Jordan welcomed all 10 of us, socially-distanced ticket holders to the presentation, my first IRL show since lockdown. His opening remarks gave us insight to the creative process, revealing that this version of the script was written and rehearsed inside of a two-week period—no small feat for a predominantly solo-show. Elijah, played by fresh-faced Danté Prince, delivers each line as if he were in a packed house, while still conveying the paralyzation of an artist who hasn’t quite ‘arrived’ in his career.
The playwright cited war as the spawn of curiosity behind this project, originally designed to be a series of lectures examining the role that formal education plays in recruiting/glorifying soldiers. From my vantage point, this was a story about the war within, fueled by contention with love, or a lack thereof. The play cycles through Elijah’s primary dysfunctional relationships, including the callousness of his father, the lack of recognition as a professional poet, and battling his emotionally-unavailable queerness.

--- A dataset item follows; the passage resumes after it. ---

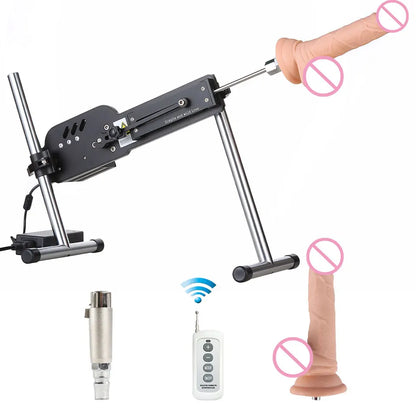 Ultra-Quiet Thrusting Sex Machine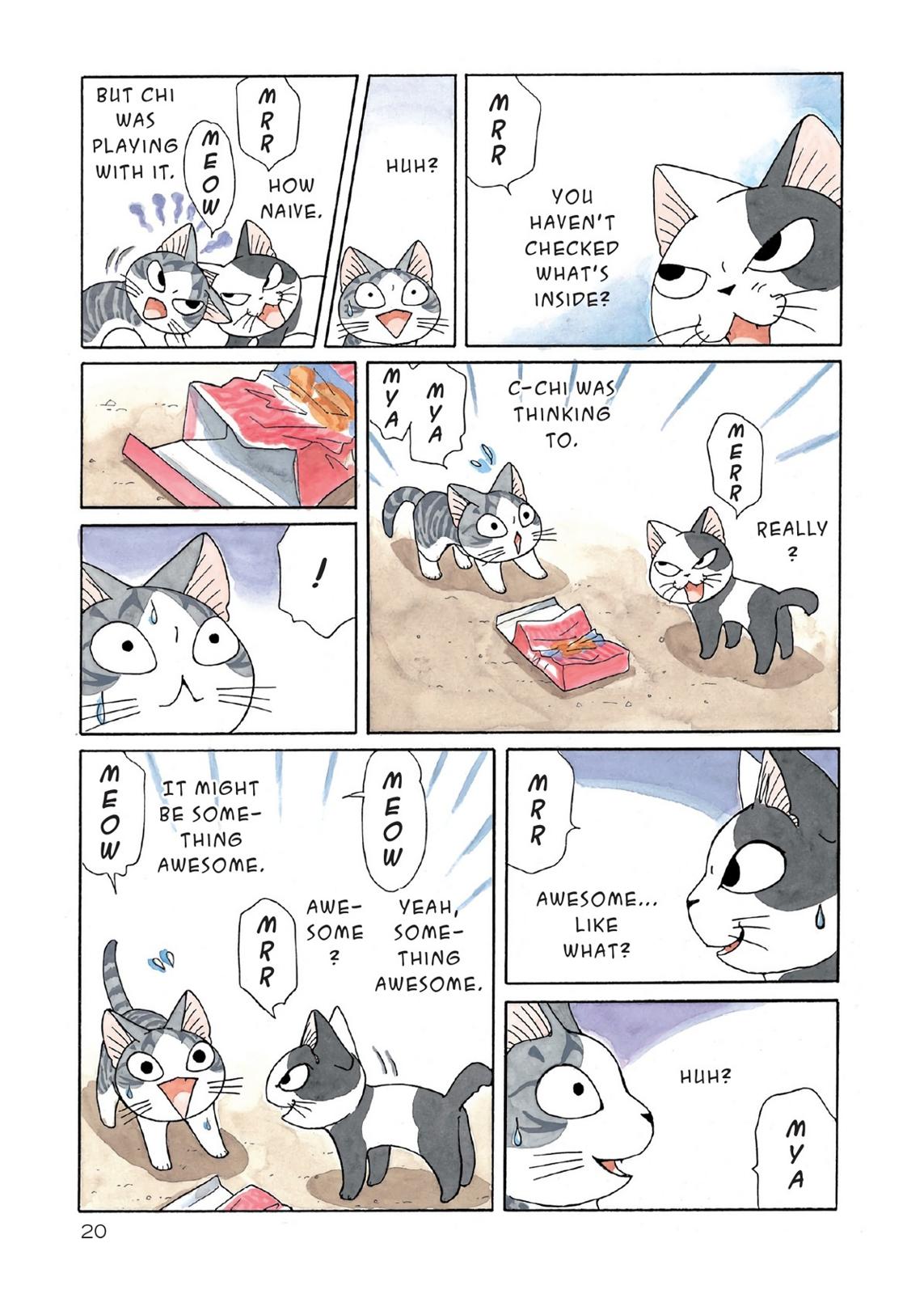 Read Chis Sweet Home en Manga Online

Co-director Aaron Jan and co-conspirator Beau Dixon complimented the workshop, animating a subtle semi-circle of black boxes, an array of mismatched lamps, and a music stand, paired with the nostalgic sounds of soulful music.
Things become three-dimensional when Elijah unintentionally summons the ghost of Langston Hughes in an abandoned library. Hughes, embodied beautifully by Shakiel Rollock, fills up the space on the adjacent side of the storefront. The layering of text and dance heightens the use of poetry, inviting us to simultaneously hear the words and listen to the body.
One moment feels rushed. Elijah shifts gears mid-way through the piece to express what it’s like ‘being Black in Canada.’ Up until that point there are street references and local slang that place us in Toronto, but this is an opportunity to really get one-on-one with the audience. The fast pace of this story might benefit from a breath there.
My favorite poets are ones who, through revealing our pain, give us a reason to smile again. As James Baldwin gently put it, “Art is here to prove, and to help one bear, the fact that all safety is an illusion.” The early form of this play has a promising life. With a supergroup of collaborators and a truth-seeking playwright, A New Black Poet is following in the footsteps of the legendary old Black poets.